DataDog/libddwaf

WAF API for gRPC

Julio-Guerra opened this issue · 3 comments

I think it's worth logging here the fact that the current integration of the WAF for gRPC is pretty hacky: in order to be able to trigger the same rules multiple times, we instantiate one WAF context per WAF run. This is due to the fact this is the first time we encounter addresses that can happen multiple times during the WAF context lifetime.

A new API should somehow allow running the WAF with new address values that were already sent before.

Note that it also currently has the issue of keeping the memory used by the values for the time of the WAF context, so this new API should also handle this.

This hack is currently described in our gRPC RFC at https://datadoghq.atlassian.net/wiki/spaces/APS/pages/2278064284/gRPC+Protocol+Support#Implementation-Milestones

Yeah, we need a way to say "run with the currently stored values, but don't store these new ones". The hack I have for this in Java is that for running with grpc addresses, a new context is created anew with also the previously submitted addresses and immediately discarded afterwards.

This sounds reasonable enough, however let's explore the behaviour of the WAF with different implementation. The context has a set of addresses {a, b, c} of which one, let's say a, needs to be provided to the WAF repeatedly and let's also assume the values don't change for the sake of the example.

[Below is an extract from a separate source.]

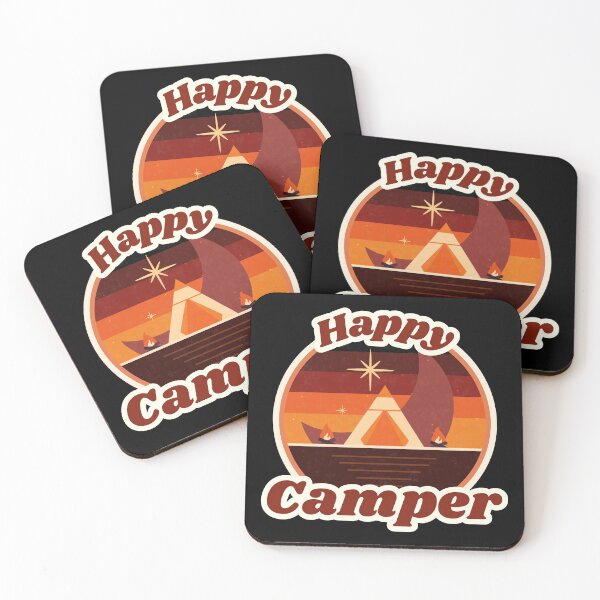Item preview, Happy Camper designed and sold by iskapa.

If you didn't recreate the context every time you pass a:

  • The first run would contain {a, b, c}.
    • Assuming there was a match on a, the second time you pass a, there would be no match.

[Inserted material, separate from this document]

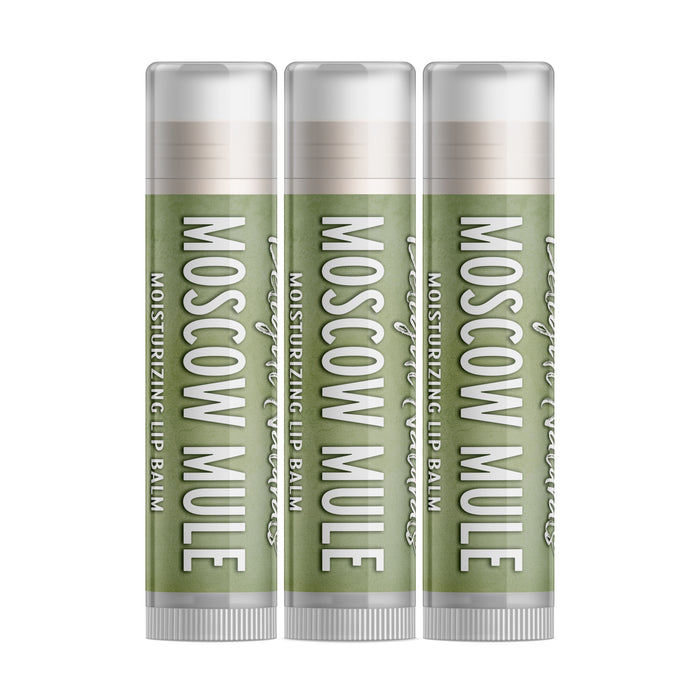 Moscow Mule Lip Balm - Three Pack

If you recreate the context:

  • The first run would contain {a, b, c}.
    • Assuming there was a match on a, the second time you pass a (in a new context), there would be a match.
    • Assuming you're creating the new context and also passing b and c, if there was a match on either of them, there would be another match even though there was no new data.

With the new API to clear a specific address:

  • The first run would contain {a, b, c}.
    • Assuming there was a match on a, the second time you pass a, there would be a match.
    • There would be no matches on b and c on further runs, regardless of there being a match on the first run. This would be the case unless the new value on a causes further conditions to be processed on b and c as well.

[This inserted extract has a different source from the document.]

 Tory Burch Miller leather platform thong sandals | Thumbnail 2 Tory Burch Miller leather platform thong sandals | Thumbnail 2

To accomplish this last scenario we need to create a new API function, ddwaf_context_clear(<list of addresses>), which will:

  • Clear the relevant addresses from the object store.
  • Clear all cache matches.

However, we need to enforce executing all conditions on new parameters only, except for those which were never processed. This can't be accomplish as of yet, but some of the performance optimisations I am planning on adding would actually cover this scenario.

Does ephemeral addresses cover everything you wanted here @Julio-Guerra ?